TASK TO CARRY OUT: From the line that contains "Poster und Wandkarten" down to the last line of the data below, restate every line word for word, skipping any images.

Records excerpted from a collection:
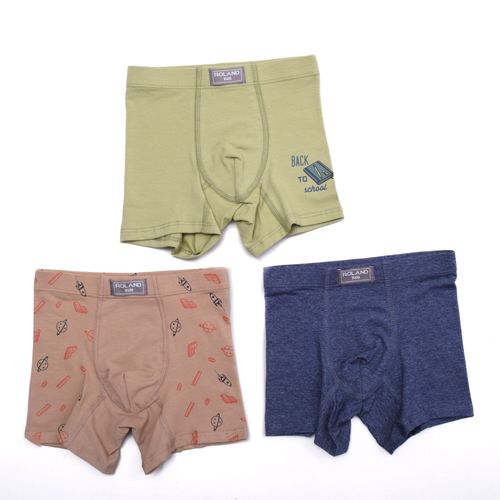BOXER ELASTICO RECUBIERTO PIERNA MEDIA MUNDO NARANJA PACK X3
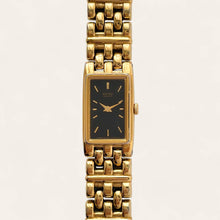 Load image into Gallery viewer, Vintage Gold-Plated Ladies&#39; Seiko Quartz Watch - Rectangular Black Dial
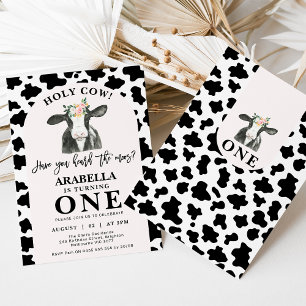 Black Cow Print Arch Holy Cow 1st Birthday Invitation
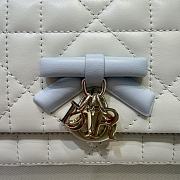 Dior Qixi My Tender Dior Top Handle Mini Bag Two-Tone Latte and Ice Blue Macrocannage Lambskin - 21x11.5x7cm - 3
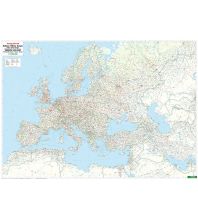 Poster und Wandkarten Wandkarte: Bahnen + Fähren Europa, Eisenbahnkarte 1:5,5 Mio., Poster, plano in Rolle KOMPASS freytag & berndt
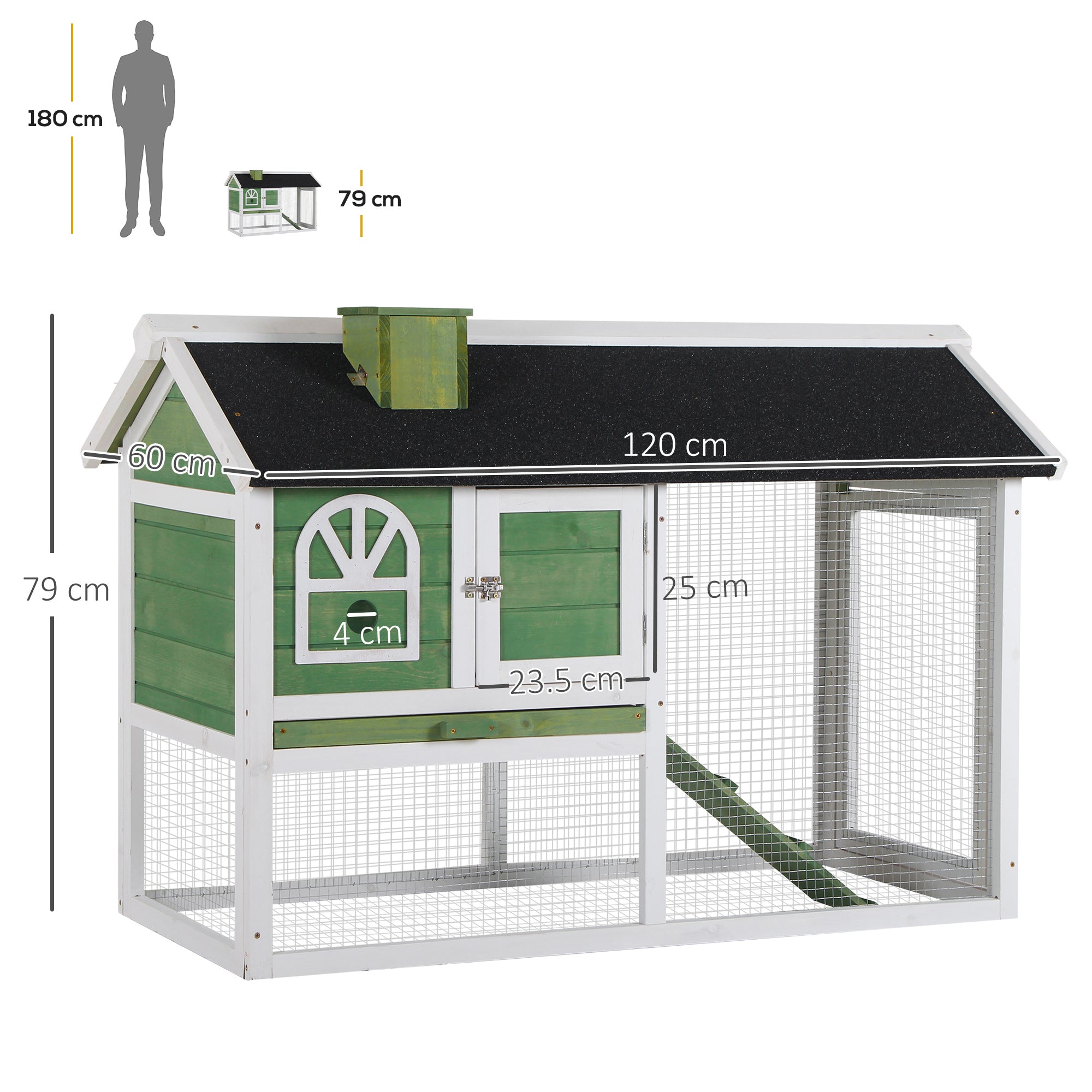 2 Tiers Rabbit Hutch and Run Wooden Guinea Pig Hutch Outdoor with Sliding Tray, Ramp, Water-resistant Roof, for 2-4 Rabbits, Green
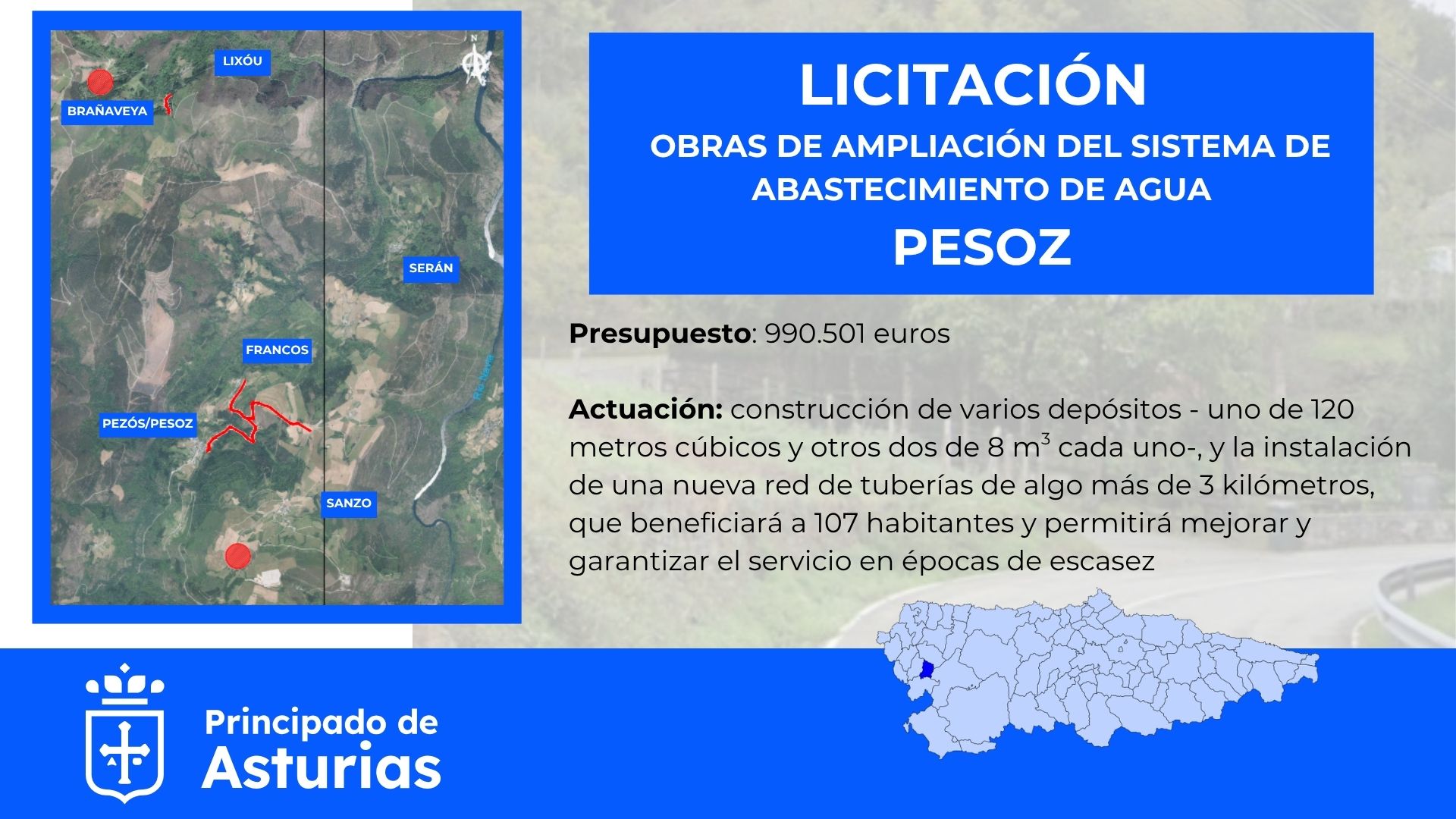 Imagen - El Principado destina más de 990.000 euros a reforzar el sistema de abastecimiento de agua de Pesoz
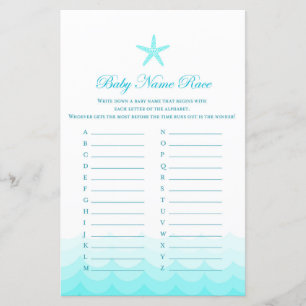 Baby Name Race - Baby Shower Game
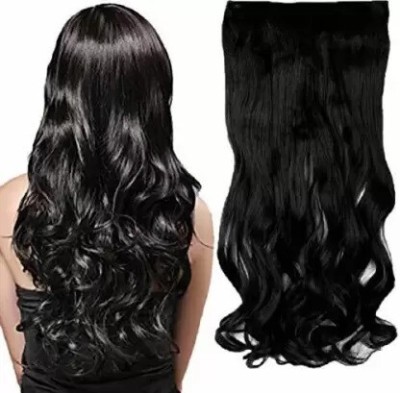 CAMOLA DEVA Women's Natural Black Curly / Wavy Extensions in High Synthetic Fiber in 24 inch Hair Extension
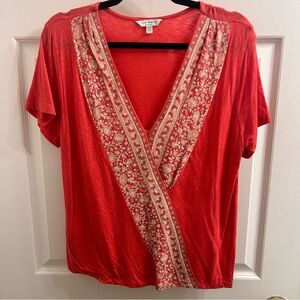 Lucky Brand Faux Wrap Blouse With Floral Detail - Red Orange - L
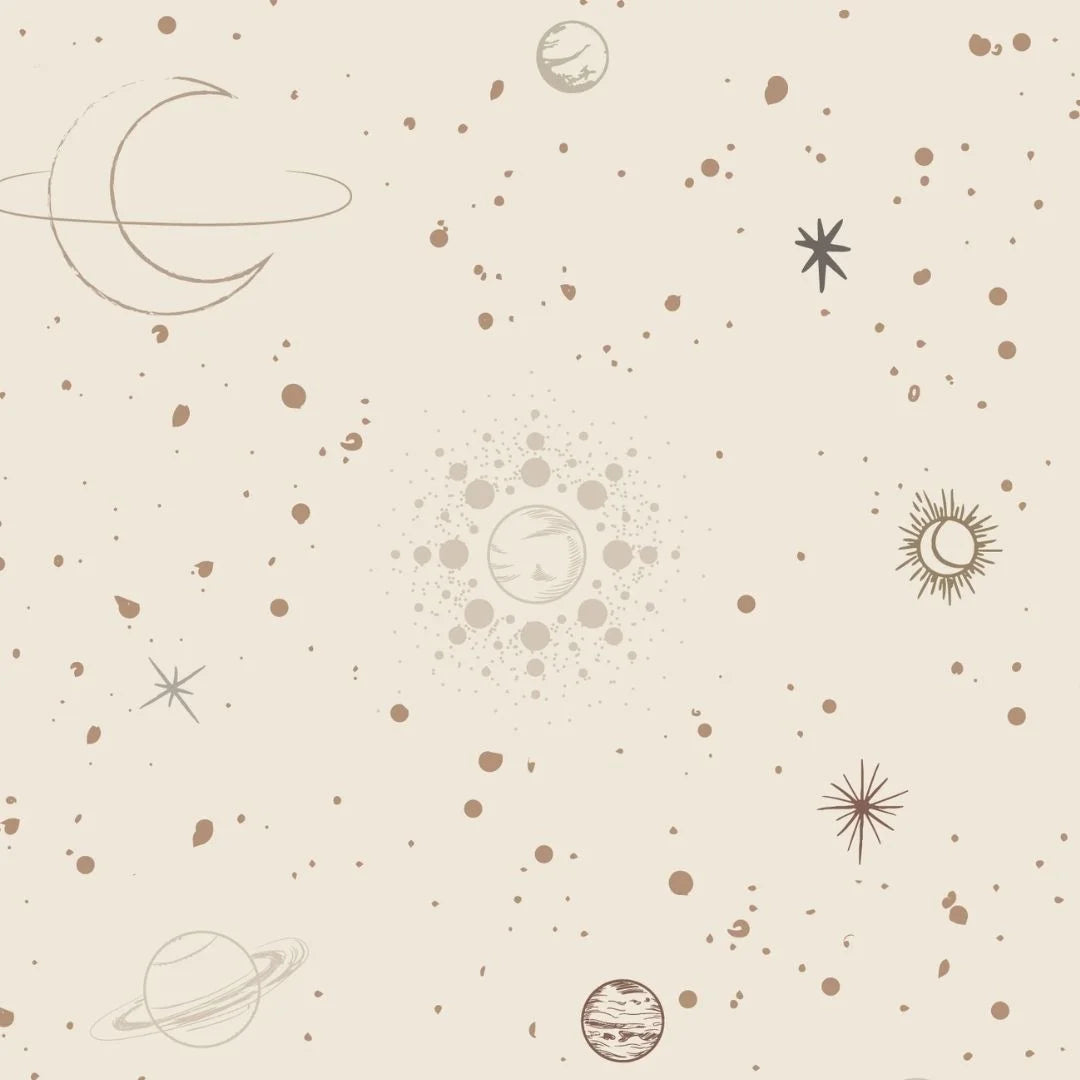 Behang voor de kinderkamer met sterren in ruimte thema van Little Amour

TASK OUTPUT:
 Poster und Wandkarten Wandkarte: Bahnen + Fähren Europa, Eisenbahnkarte 1:5,5 Mio., Poster, plano in Rolle KOMPASS freytag & berndt
 2 Tiers Rabbit Hutch and Run Wooden Guinea Pig Hutch Outdoor with Sliding Tray, Ramp, Water-resistant Roof, for 2-4 Rabbits, Green
 Imagen - El Principado destina más de 990.000 euros a reforzar el sistema de abastecimiento de agua de Pesoz
 Baby Name Race - Baby Shower Game
 CAMOLA DEVA Women's Natural Black Curly / Wavy Extensions in High Synthetic Fiber in 24 inch Hair Extension
 Lucky Brand Faux Wrap Blouse With Floral Detail - Red Orange - L
 Behang voor de kinderkamer met sterren in ruimte thema van Little Amour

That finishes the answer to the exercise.